* [INSTRUCTIONS FOR THE TASK]
Copy each line of the following material that has the string "Used".

* [RECORDS FOR THE TASK]
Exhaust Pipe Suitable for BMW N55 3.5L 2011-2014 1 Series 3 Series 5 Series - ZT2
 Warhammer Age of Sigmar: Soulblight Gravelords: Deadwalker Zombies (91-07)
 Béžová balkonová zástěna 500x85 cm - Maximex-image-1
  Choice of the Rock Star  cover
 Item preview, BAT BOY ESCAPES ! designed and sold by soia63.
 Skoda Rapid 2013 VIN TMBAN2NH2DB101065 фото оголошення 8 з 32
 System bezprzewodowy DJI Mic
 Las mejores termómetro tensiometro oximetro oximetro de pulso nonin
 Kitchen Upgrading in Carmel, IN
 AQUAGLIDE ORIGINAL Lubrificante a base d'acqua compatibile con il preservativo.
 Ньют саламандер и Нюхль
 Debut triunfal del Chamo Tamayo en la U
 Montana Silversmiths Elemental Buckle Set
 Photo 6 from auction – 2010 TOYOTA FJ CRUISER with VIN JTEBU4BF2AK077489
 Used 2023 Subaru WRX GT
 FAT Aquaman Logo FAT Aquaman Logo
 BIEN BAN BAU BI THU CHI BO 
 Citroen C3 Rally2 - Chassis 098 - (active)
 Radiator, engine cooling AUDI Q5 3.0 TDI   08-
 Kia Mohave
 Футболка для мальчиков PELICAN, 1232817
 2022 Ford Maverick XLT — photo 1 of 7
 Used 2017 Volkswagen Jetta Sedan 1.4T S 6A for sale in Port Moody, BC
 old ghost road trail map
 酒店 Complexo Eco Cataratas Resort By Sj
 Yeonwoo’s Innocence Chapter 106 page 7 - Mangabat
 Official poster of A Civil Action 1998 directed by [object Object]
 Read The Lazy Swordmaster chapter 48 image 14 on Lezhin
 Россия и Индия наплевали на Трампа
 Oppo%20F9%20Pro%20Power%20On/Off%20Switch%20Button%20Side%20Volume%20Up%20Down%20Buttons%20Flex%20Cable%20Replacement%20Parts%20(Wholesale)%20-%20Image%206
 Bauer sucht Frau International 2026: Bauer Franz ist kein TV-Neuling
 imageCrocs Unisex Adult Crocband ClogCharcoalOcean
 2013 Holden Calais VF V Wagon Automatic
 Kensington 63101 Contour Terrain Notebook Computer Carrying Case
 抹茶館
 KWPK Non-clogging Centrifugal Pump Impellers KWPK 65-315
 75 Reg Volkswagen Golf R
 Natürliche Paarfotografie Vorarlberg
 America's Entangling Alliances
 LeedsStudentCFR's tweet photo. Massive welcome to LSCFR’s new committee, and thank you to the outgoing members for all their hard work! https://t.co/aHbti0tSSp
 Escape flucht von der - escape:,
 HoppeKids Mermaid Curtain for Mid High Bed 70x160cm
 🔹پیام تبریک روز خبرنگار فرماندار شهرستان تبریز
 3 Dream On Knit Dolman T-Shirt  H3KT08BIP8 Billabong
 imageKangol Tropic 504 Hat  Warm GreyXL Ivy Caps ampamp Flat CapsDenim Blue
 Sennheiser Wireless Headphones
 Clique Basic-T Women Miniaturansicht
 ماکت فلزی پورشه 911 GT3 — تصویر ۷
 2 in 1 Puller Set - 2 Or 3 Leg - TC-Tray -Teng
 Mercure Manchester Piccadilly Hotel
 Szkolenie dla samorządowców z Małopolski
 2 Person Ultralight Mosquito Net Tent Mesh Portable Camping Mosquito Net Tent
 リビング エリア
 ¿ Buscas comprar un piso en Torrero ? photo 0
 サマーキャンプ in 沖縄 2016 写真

* [EXPECTED ANSWER]
 Used 2023 Subaru WRX GT
 Used 2017 Volkswagen Jetta Sedan 1.4T S 6A for sale in Port Moody, BC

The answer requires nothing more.